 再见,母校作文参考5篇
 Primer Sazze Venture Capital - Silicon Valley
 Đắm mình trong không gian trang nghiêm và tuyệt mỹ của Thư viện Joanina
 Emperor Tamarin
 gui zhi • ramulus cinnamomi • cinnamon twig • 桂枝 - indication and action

---

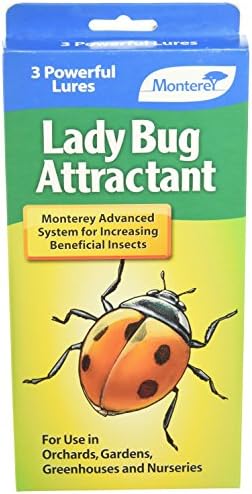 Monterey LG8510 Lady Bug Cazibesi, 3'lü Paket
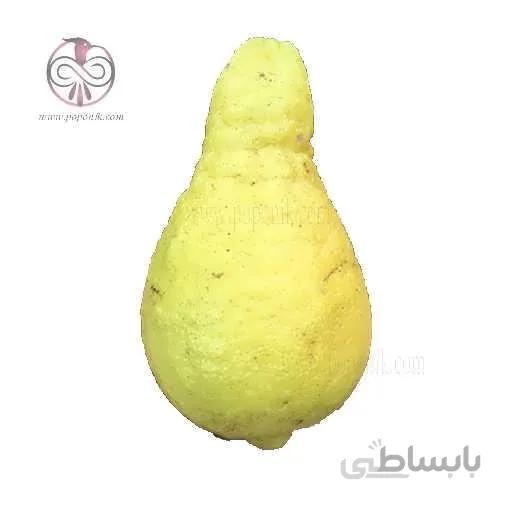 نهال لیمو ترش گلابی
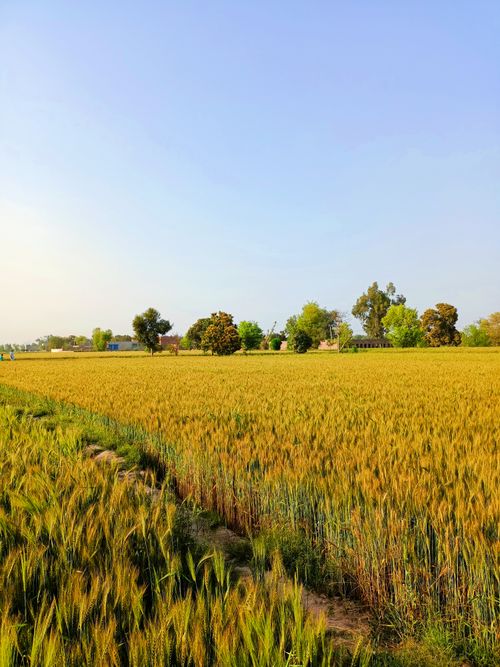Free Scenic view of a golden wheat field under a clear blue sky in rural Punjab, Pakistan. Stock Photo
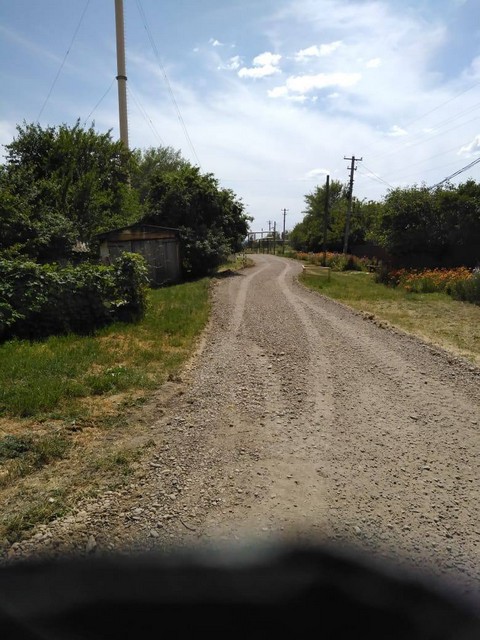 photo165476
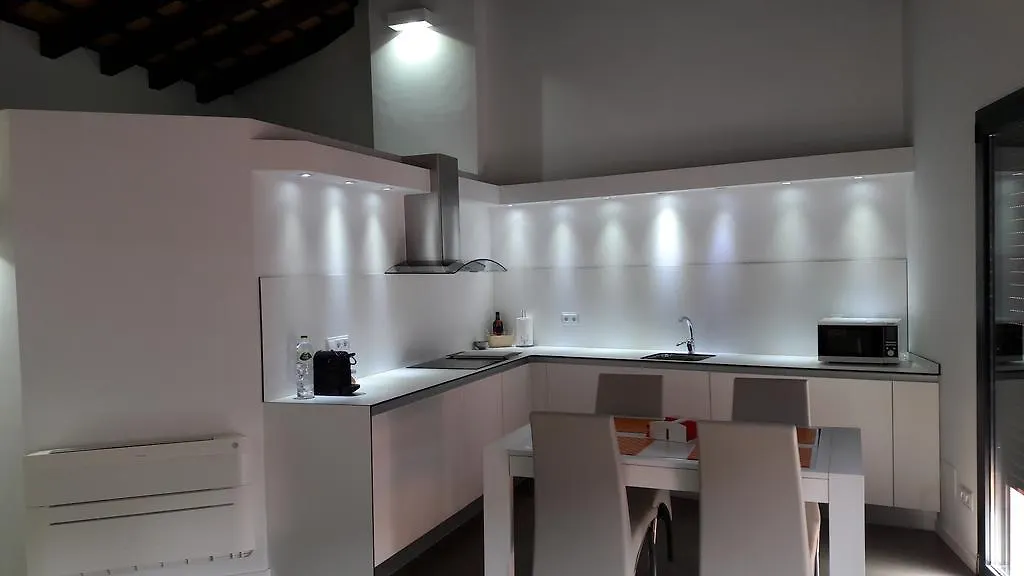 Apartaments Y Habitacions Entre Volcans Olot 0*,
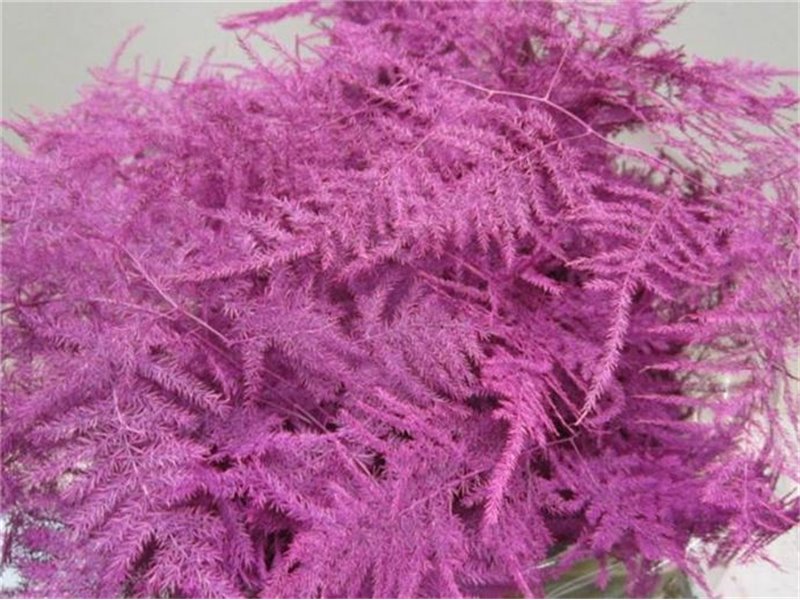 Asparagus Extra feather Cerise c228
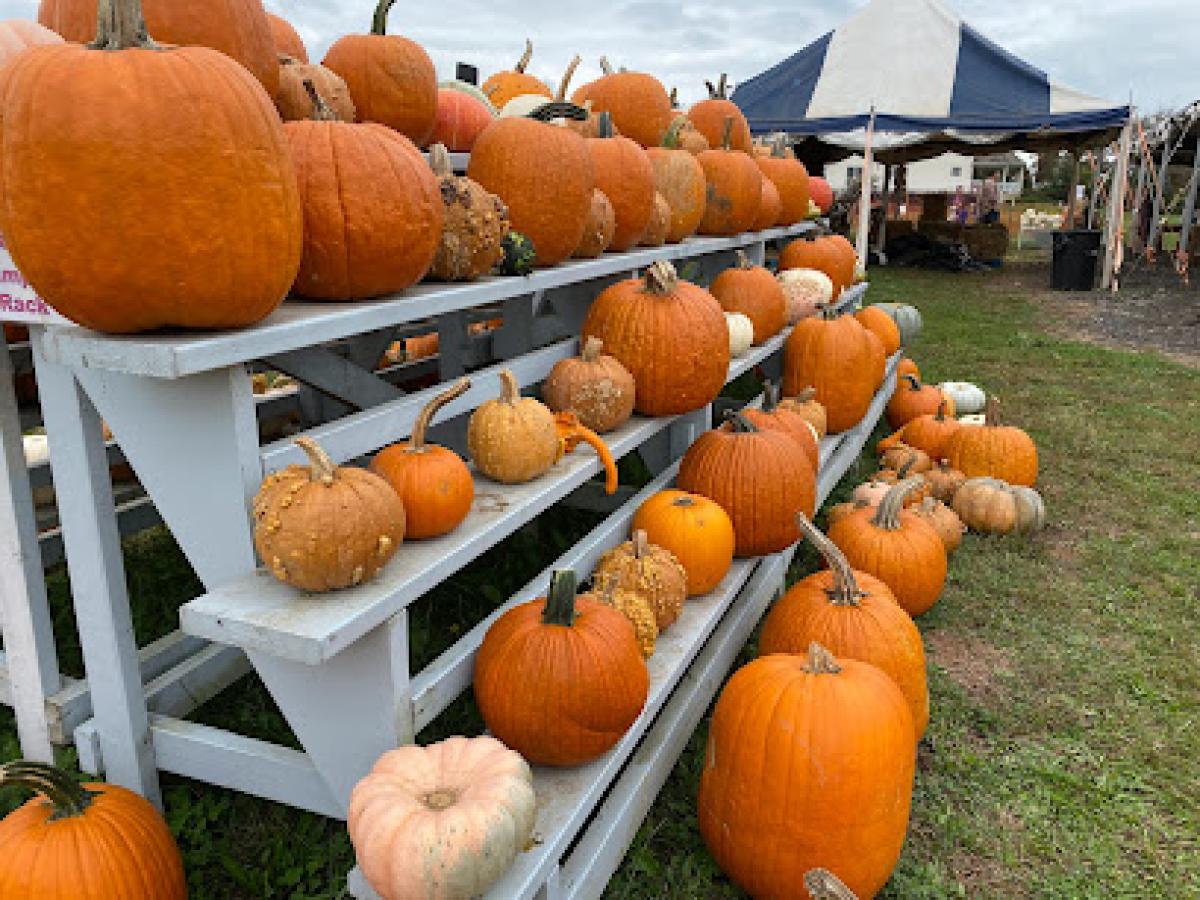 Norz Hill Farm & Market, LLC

--

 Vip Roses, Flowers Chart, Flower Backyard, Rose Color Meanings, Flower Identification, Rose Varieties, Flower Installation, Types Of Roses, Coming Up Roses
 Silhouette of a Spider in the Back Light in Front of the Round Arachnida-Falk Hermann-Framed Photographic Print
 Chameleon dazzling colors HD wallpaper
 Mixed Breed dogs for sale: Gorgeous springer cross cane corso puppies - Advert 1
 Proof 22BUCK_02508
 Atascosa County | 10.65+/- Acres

What you will do - Please output the lines of the listing above that fall in the stretch from the one with "再见,母校作文参考5篇" through the one with "gui zhi • ramulus", exactly and only those.

Completed exercise -
 再见,母校作文参考5篇
 Primer Sazze Venture Capital - Silicon Valley
 Đắm mình trong không gian trang nghiêm và tuyệt mỹ của Thư viện Joanina
 Emperor Tamarin
 gui zhi • ramulus cinnamomi • cinnamon twig • 桂枝 - indication and action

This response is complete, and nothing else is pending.